Subsection 3.1.1 The power method
For convenience, we will suppose that \(A\) has a complete set of eigenvectors \(\vvec_i\) with associated eigenvalues \(\lambda_i\) and that the eigenvalues are ordered so that
\begin{equation*}
\len{\lambda_1} \geq \len{\lambda_2} \geq \ldots \geq
\len{\lambda_m}\text{.}
\end{equation*}
Our initial version of the power method will help us find \(\lambda_1\text{,}\) the eigenvalue having the largest magnitude, which is often called the dominant eigenvalue.
Suppose we start with a randomly chosen vector \(\vvec\) so that
\begin{equation*}
\vvec = c_1\vvec_1+c_2\vvec_2+\ldots+c_m\vvec_m\text{.}
\end{equation*}
Since \(\vvec\) is randomly chosen, it is safe to assume that \(c_1\neq 0\text{.}\) If not, we had really bad luck in choosing \(\vvec\text{.}\) However, computers cannot perform exact arithmetic so even if \(c_1=0\text{,}\) some error will creep into the subsequent calculations making \(c_1\neq 0\text{.}\)
We can multiply \(\vvec\) by \(A\) so that
\begin{equation*}
A\vvec =
c_1\lambda_1\vvec_1+c_2\lambda_2\vvec_2+\ldots+c_m\lambda_m\vvec_m\text{.}
\end{equation*}
Since \(\lambda_1\) has the largest magnitude, we see that the contribution to \(A\vvec\) from \(\vvec_1\) is the greatest.

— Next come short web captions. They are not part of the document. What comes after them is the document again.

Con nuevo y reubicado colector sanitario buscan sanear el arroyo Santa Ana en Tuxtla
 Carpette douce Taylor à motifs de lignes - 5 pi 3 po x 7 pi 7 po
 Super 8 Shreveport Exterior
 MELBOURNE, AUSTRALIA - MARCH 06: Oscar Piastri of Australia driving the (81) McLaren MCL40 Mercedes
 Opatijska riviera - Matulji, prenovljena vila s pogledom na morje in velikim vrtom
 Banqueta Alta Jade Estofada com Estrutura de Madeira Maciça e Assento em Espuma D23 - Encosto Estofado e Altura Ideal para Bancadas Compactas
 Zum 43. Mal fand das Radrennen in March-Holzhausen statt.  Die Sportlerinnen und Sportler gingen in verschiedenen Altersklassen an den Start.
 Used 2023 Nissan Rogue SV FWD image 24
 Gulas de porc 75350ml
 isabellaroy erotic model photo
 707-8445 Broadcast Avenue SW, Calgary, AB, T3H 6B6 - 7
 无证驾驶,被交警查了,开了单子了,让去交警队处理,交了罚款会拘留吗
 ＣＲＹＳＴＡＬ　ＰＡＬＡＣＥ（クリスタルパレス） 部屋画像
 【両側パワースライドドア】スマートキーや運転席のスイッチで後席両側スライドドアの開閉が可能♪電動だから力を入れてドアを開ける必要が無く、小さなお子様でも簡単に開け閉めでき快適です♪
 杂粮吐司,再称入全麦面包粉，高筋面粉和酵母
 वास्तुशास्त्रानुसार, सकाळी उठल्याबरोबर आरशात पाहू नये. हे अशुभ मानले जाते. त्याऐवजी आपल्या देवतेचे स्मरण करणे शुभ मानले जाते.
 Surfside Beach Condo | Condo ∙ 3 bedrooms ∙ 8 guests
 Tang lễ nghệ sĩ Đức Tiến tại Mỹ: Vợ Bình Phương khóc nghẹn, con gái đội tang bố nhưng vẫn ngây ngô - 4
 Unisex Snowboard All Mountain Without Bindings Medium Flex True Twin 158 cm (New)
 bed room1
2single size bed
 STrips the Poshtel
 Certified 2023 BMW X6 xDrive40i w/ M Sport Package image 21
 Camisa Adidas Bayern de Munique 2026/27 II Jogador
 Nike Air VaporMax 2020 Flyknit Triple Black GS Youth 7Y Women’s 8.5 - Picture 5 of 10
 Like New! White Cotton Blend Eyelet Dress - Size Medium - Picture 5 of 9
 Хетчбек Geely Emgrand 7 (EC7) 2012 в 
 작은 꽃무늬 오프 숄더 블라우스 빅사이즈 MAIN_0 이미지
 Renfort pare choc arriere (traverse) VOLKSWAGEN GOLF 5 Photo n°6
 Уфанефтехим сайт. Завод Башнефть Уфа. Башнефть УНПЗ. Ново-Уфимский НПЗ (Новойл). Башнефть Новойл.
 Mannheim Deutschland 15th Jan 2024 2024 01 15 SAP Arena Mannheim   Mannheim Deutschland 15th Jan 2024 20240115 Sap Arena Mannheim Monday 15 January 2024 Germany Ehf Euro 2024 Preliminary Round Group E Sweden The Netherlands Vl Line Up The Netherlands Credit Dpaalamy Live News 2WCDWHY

While this is the essential idea in the power method, as we will see, this also explains why finding \(\lambda_1\) is useful: the eigenvalues with the greatest magnitude contribute the most to \(A\vvec\text{.}\)
If we repeatedly multiply \(\vvec\) by \(A\text{,}\) we see that
\begin{align*}
A^k\vvec \amp =
c_1\lambda_1^k\vvec_1+c_2\lambda_2^k\vvec_2+\ldots+
c_m\lambda_m^k\vvec_m\\
\amp =
\lambda_1^k\left(
c_1\vvec_1+c_2\left(\frac{\lambda_2}{\lambda_1}\right)^k\vvec_2
+ \ldots +
c_m\left(\frac{\lambda_m}{\lambda_1}\right)^k\vvec_m\right)\text{.}
\end{align*}
We expect that \(\len{\frac{\lambda_k}{\lambda_1}} \lt 1\) for \(k\geq 2\) and, as a result, that \(\left(\len{\frac{\lambda_k}{\lambda_1}}\right)^k \to 0\) as \(k\) grows. Consequently, when \(k\) is large,
\begin{equation*}
A^k\vvec \approx c_1\lambda_1^k\vvec_1\text{,}
\end{equation*}
which shows that the direction of \(A^k\vvec\) will approximate more and more closely the direction of \(\vvec_1\text{.}\)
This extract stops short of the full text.